Sur lequel la série ne joue pas finalement. Noah Hawley n'a pas voulu adapter stricto sensu le film à la série, ce qui n'aurait peut-être pas été dénué d'intérêt, qui sait ? Mais ce ne fut pas le parti pris. Non, au lieu de ça, Noah Hawley a une idée toute aussi bonne : à l'instar de Star Wars (pour citer le plus connu), il a pensé sa série comme un Expanded Universe. Même univers, même tonalité d'après ce que j'en ai lu, on fait rentrer en jeu de nouveaux personnages, une nouvelle intrigue, et roulez jeunesse ! Habile façon de couper l'herbe sous le pied de ceux qui s'apprêtaient à sortir les crocs en entendant le mot "adaptation" et de faire une oeuvre à part entière, qui s'apprécie comme une oeuvre à part entière. Haters will hate, mais peut-être que les références au film les adouciront quelque peu.
L'histoire est prenante et bien rythmée, les épisodes s'enchaînent de manière très fluide et surtout, il y a de sacrés moments de bravoure : en règle générale, les plans de Lorne Malvo, tueur sans états d'âme, sont aussi bien retors que jouissifs. Mais quand on rajoute des choeurs bénédictins à des instants de massacre, on passe à un tout autre niveau. Et on comprend que Fargo, déjà en moitié de saison, sera l'une des séries qui feront 2014. Malheureusement, plus on avance, plus on perd ces scènes orgasmiques, résolution de l'affaire oblige, je présume...

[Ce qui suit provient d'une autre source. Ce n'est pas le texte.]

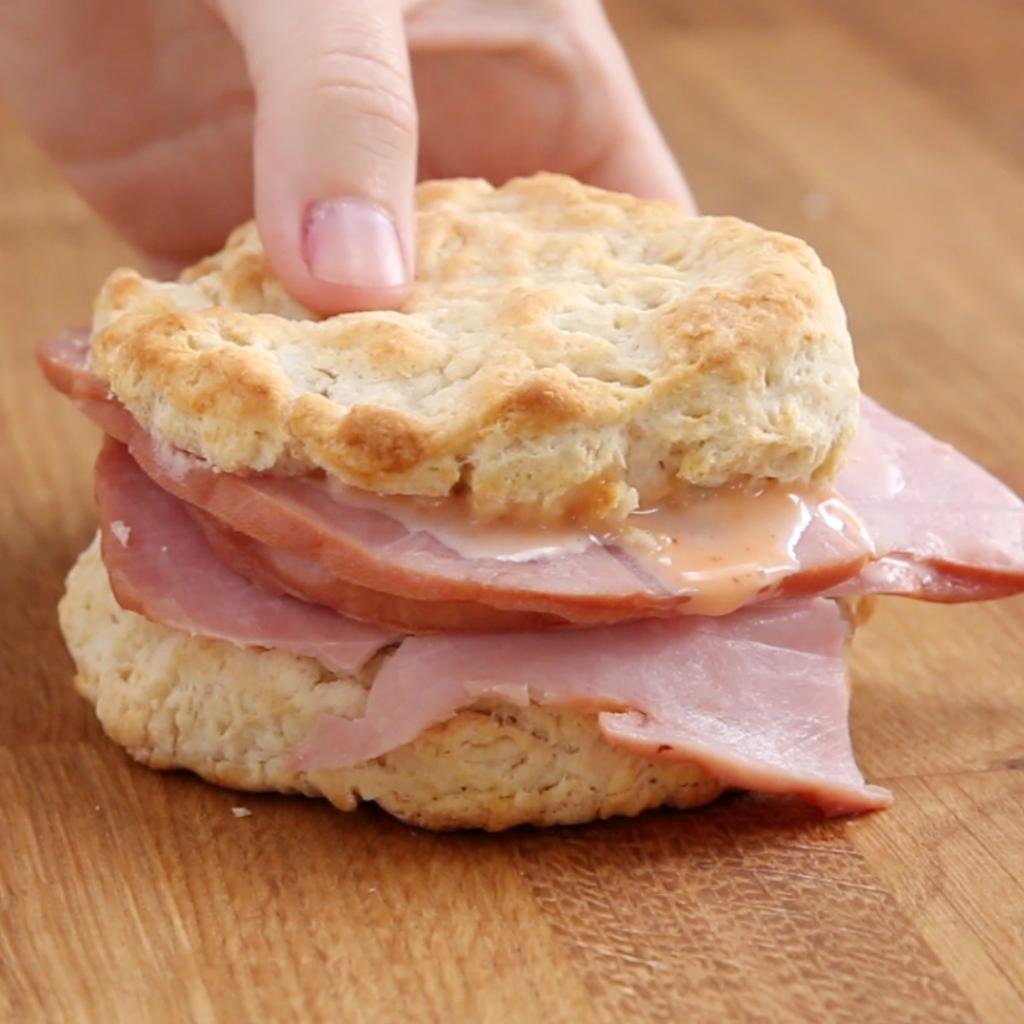 Hand placing the top half of a ham biscuit sandwich on a wooden board.
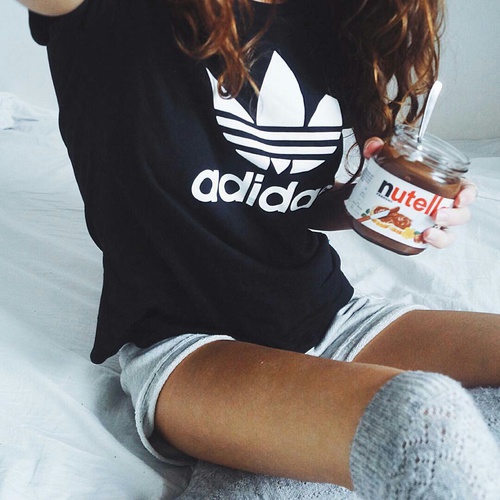 девушка в гетрах коротких шортах и футболке Adidas с Nutella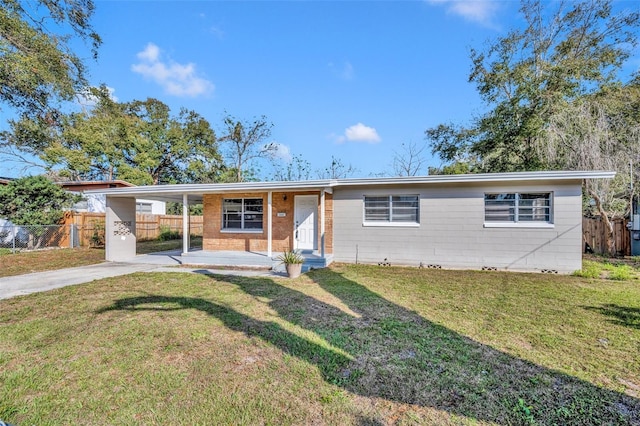 single story home with a carport, a front yard, fence, and driveway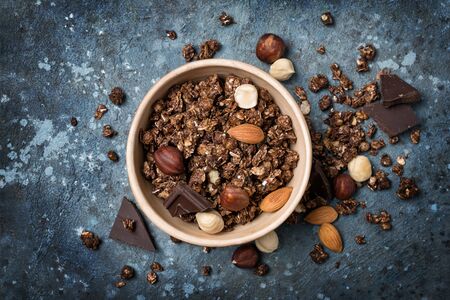 Top view of oatmeal or granola with pieces of dark chocolate, almond and hazelnut in bowl for nutritious breakfast on blue concrete backgroundの写真素材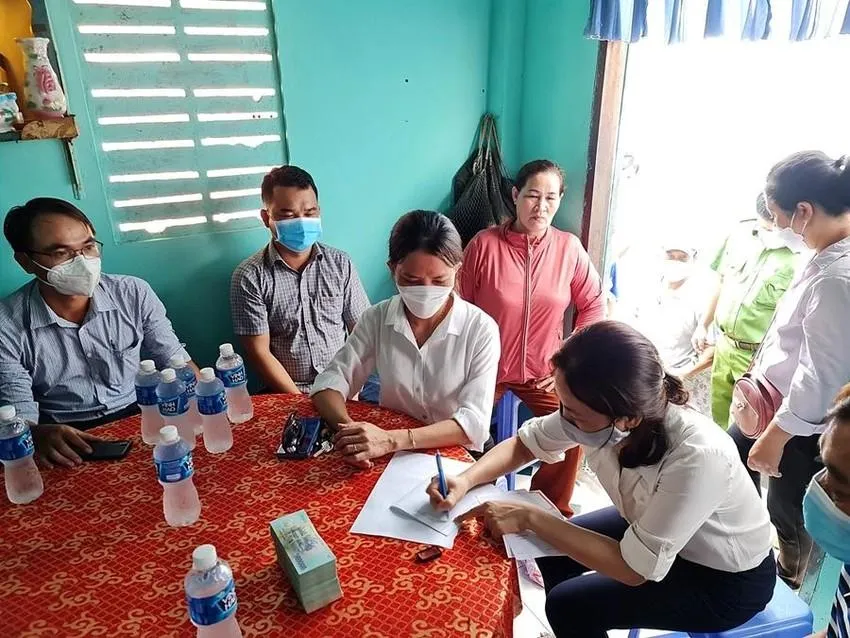 Đại diện UBND phường Lạc Đạo và Ngân hàng chính sách xã hội Bình Thuận phối hợp với Báo Pháp Luật TPHCM trao tiền bạn đọc giúp đỡ cho gia đình bé Linh. Ảnh Phương Nam.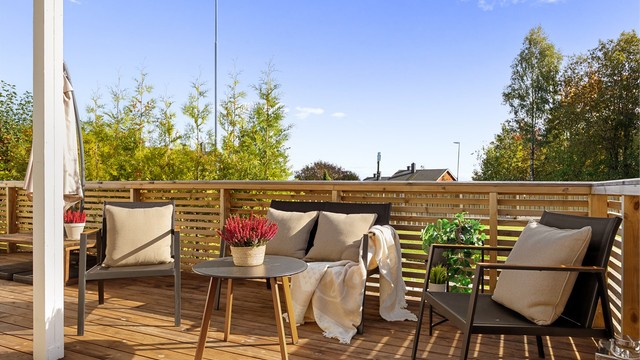 Uteplassen har dekke av terrassebord og rekkverk i tre.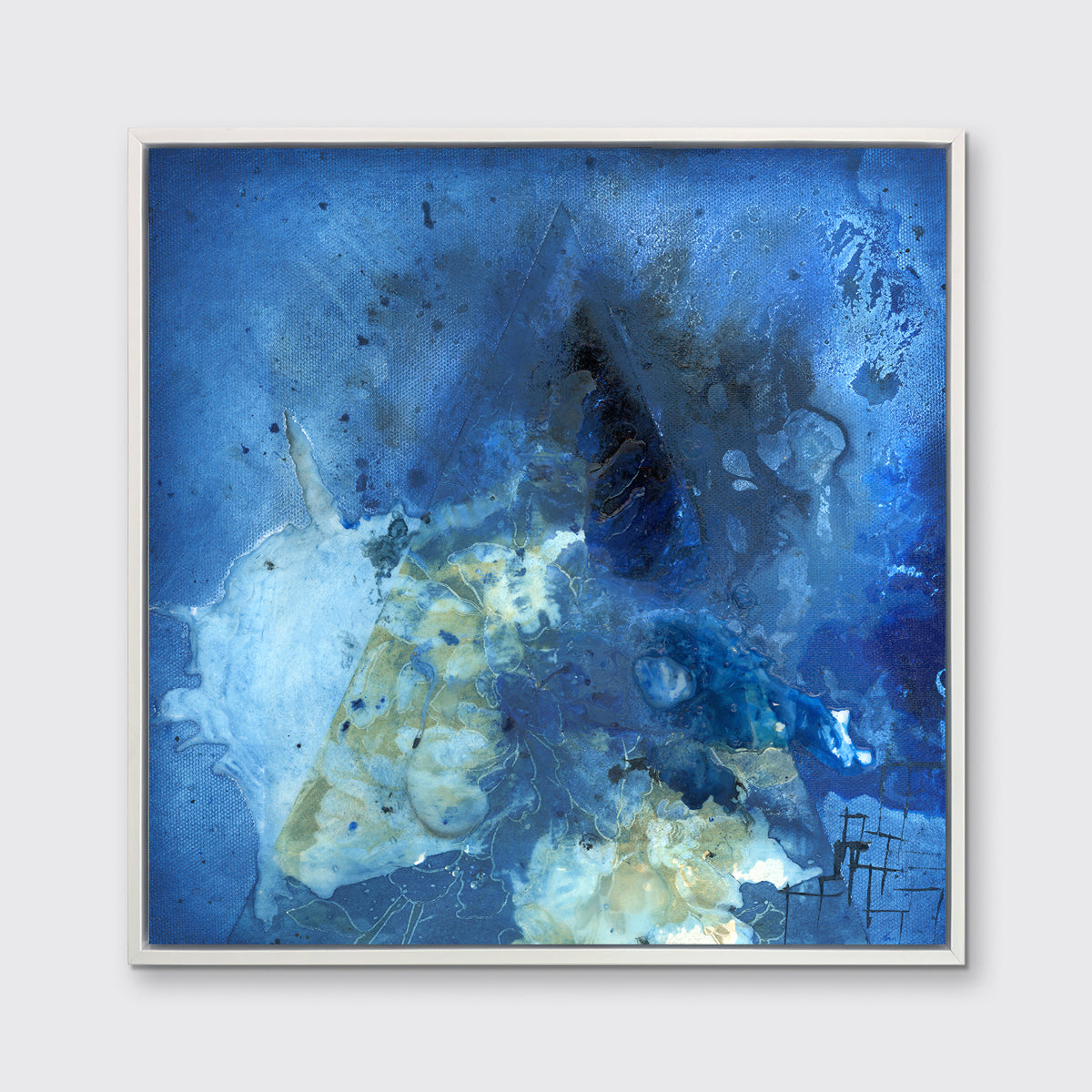 A blue, green and black abstract print in a white floater frame hangs on a white wall.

Le casting, en un mot : prestigieux. Billy Bob Thornton (géant dans son rôle de tueur ingénieux à qui on donnerait presque le bon Dieu sans confession), Colin "fils de Tom" Hanks, Martin Freeman, Saul de Breaking Bad avec une moustache... Il n'y a pas à dire, les gens responsables du casting ont fait très fort. A cela, rajoutons une inconnue au bataillon, Alison Tolman, parfaitement à l'aise dans le rôle de l'adjointe Molly Solverson, personnage loin du cliché de la flic bombasse des Experts mais ô combien attachante et intelligente. J'étais surprise d'apprendre que Fargo lui ait donné son premier rôle notable, tant elle n'a pas à rougir face à ses collègues qui nous sont plus familiers.
Fargo la série permet aussi de voir un autre pan de Martin Freeman. Que ce soit dans le rôle de Sherlock ou dans celui de Bilbo, l'Anglais nous avait toujours habitué à jouer des bonshommes tout ce qu'il y a de plus normaux (même qu'ils sont toujours en train de bafouiller) embarqués dans des histoires qui les dépassent complètement. De gros nounours, quoi. Eh bien maintenant imaginez un croisement entre John Watson et Walter White, et vous pourrez légèrement esquisser le personnage de Lester Nyygard, le gars qui pourrait très bien être votre voisin à qui vous faites tous les matins un petit signe de la main en allant chercher votre courrier.
Fargo est une très bonne série, qu'on se le tienne pour dit. Que vous ayez vu ou non le film, peu importe, ça se boit comme du petit lait et ça serait bien dommage de passer outre. Sur ce, il faut que je me programme le film des frères Coen, sous peine de me faire tirer dessus sans crier garde à bout portant.